Monastrell and Syrah, not really top of mind grapes for me. So, imagine what it is like to then mix them together. It was quite typical in colour. What I expected it to be in a deep red colour verging on a ruby tint. Sticking my big nose into the glass, it was again what I knew to expect, lots of red berries, a little balsamic and just the tiniest hint of pepper.
But like everything, it’s all in the taste. Assuming for a distinctly averagely tasting wine with all the flavour profiles to be there, again I was surprised. Not only because I was trying to be analytical as I knew it shouldn’t have been for me, but I liked it! Its quite fresh with some very smooth tannins. As expected all the fruit flavours were there, ripe red fruits, cherries, plums, raspberries. It just envelops you and draws you in with its warmth and makes you like it, whether you want too or not!
There is no denying that this wine is special. But it can hold its own! Take this to your mum for Sunday lunch and she might love you a little but more. Great Spanish wine without tapping into the overdraft!
So I’m sure we have all seen the rags to riches film Enchanted with Drew Barrymore. A little girl losses her dad, falls to rags an evil step mother ruling the roost and bursts back into life to marry her Prince with the help of her Fairy Godmother. Well kind of, Leonardo Di Vinci!

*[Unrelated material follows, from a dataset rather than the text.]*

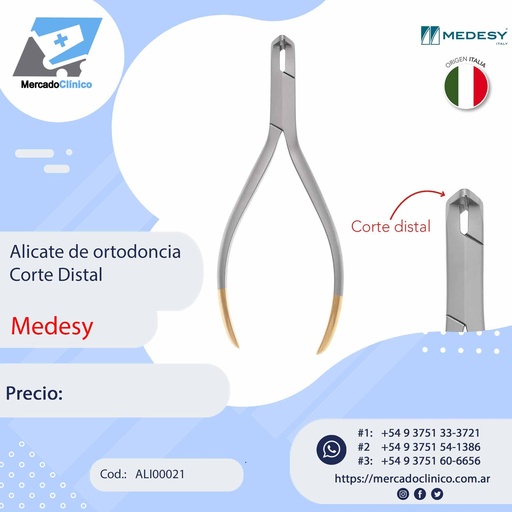 [ALI00021] Alicate de ortodoncia Corte Distal - Medesy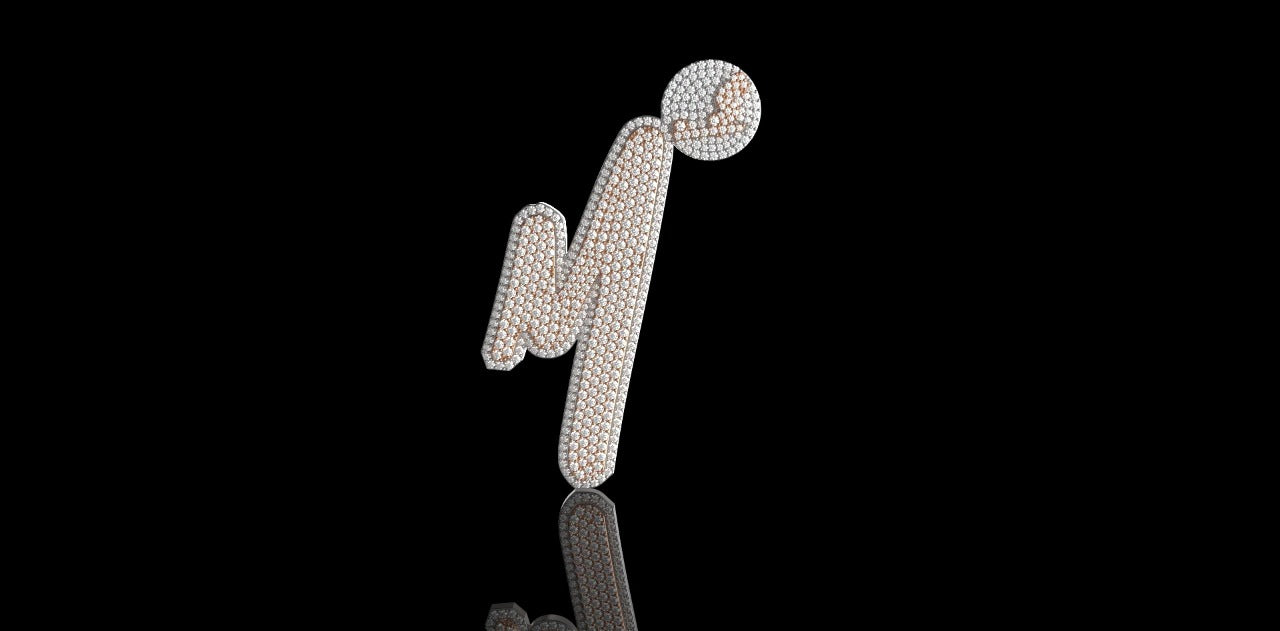 14K 2 TONE ROSE AND WHITE GOLD DOUBLE LAYER CUSTOM "M" STYLE DIAMOND PENDANT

This wine has exactly that, but swap out the evil step mother for a greedy banker, and a Fairy Godmother for loving and supportive friends and family. So here is the fairytale of this wine.
The current owner of this vineyard had inherited by a son after a few years of poor yields and sadly a little neglect due to the poor health of his father. He went to bank to ask for a loan to get the vineyard back to its former glory. The bank said no, and here the Fairy Godmother comes in. After rallying round friends, family and local wine connoisseurs he managed to get a truly remarkable batch of wine to sell and has continued to flourish ever since. Without any assistance for the bank.
The label of this wine says it all. The pig supposedly represents the bankers. There is a certain hand gesture that springs to mind, but enough said!
Lets get to the wine! I was desperate to try this wine after hearing the story. I was so inspired by the tale I really wanted the wine to live up to the hype of the story. Trust me it more than did! A Spanish red wine made from 100% Tempranillo really need to be special. After all its one of the most commonly planted grapes in Spain. Juicy and fruity it does not disappoint. It has a herby nose with some gently minerals on the finish. There is no oak involved here, so it is not mature but rather playful!
For me this really is the perfect Wednesday Wine, and Tuesday, sometimes Monday and Thursday. Spanish wine shouldn't be just a synonym of Rioja, these 3 organic wines are of great value and this is all this Spanish wine is about. Cheers!!